- [What needs to be done]
Beginning at the line that contains "Fine Art Cienfuegos" and ending at the last line of the entries, write out each line exactly; include nothing outside that span.

================================

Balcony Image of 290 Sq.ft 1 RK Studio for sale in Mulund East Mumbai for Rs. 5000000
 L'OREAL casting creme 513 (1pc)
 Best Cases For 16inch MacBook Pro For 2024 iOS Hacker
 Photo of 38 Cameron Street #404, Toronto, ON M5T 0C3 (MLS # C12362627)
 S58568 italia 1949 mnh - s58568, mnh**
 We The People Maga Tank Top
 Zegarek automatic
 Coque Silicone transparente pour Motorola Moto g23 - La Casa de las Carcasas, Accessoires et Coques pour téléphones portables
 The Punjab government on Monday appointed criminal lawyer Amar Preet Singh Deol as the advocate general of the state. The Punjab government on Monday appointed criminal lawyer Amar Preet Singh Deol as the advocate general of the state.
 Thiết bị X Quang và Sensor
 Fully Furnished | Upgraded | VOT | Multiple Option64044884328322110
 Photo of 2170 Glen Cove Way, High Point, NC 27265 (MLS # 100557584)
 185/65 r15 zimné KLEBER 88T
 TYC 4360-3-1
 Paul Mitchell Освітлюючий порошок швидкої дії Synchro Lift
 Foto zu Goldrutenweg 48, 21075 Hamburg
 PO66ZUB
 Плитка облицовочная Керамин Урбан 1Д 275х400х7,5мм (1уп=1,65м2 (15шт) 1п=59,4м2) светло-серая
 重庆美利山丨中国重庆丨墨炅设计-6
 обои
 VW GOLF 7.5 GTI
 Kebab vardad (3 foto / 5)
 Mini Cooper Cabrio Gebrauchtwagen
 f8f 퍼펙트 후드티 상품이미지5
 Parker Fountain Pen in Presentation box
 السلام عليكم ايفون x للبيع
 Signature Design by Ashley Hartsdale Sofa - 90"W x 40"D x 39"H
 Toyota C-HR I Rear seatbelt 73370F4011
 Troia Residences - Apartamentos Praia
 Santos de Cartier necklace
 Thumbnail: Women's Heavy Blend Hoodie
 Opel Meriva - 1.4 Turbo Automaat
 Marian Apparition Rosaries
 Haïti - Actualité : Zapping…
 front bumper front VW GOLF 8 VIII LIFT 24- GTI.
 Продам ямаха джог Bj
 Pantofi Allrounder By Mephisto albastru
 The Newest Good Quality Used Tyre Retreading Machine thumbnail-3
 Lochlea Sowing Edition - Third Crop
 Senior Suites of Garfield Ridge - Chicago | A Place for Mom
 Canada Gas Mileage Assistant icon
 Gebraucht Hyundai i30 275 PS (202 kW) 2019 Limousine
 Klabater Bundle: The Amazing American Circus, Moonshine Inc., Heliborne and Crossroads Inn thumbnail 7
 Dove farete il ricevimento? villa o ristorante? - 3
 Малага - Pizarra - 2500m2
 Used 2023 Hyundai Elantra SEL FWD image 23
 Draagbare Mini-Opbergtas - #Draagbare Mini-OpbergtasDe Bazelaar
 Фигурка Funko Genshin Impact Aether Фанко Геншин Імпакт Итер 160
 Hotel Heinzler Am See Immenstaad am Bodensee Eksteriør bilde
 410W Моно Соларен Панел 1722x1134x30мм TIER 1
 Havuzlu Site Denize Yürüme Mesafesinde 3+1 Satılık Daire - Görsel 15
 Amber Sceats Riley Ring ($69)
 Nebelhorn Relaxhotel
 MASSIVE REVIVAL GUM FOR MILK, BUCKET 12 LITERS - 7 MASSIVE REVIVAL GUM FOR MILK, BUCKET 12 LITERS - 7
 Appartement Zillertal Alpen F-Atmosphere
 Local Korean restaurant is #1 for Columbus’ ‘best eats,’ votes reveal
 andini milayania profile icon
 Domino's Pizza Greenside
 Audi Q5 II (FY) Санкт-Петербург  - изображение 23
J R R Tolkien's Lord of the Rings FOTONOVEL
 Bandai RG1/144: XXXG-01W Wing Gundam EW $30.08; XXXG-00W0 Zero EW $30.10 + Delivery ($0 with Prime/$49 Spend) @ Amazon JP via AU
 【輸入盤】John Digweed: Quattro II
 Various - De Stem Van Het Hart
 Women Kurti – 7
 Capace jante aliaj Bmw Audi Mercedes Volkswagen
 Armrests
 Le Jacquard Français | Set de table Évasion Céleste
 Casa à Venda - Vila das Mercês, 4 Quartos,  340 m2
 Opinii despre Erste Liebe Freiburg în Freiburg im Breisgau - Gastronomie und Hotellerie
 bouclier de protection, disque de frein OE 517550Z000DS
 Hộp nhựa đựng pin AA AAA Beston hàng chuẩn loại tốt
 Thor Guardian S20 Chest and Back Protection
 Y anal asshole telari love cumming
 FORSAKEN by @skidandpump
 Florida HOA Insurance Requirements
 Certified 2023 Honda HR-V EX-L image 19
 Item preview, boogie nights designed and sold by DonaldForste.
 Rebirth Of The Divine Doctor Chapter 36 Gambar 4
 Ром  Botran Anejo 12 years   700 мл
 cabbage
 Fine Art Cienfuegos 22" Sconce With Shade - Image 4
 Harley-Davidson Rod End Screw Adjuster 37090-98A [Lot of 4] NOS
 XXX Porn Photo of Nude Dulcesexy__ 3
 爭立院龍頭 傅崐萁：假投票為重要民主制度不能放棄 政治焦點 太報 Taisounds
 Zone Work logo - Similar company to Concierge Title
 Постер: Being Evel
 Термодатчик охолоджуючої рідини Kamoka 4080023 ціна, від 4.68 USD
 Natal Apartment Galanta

================================

- [Final answer]
 Fine Art Cienfuegos 22" Sconce With Shade - Image 4
 Harley-Davidson Rod End Screw Adjuster 37090-98A [Lot of 4] NOS
 XXX Porn Photo of Nude Dulcesexy__ 3
 爭立院龍頭 傅崐萁：假投票為重要民主制度不能放棄 政治焦點 太報 Taisounds
 Zone Work logo - Similar company to Concierge Title
 Постер: Being Evel
 Термодатчик охолоджуючої рідини Kamoka 4080023 ціна, від 4.68 USD
 Natal Apartment Galanta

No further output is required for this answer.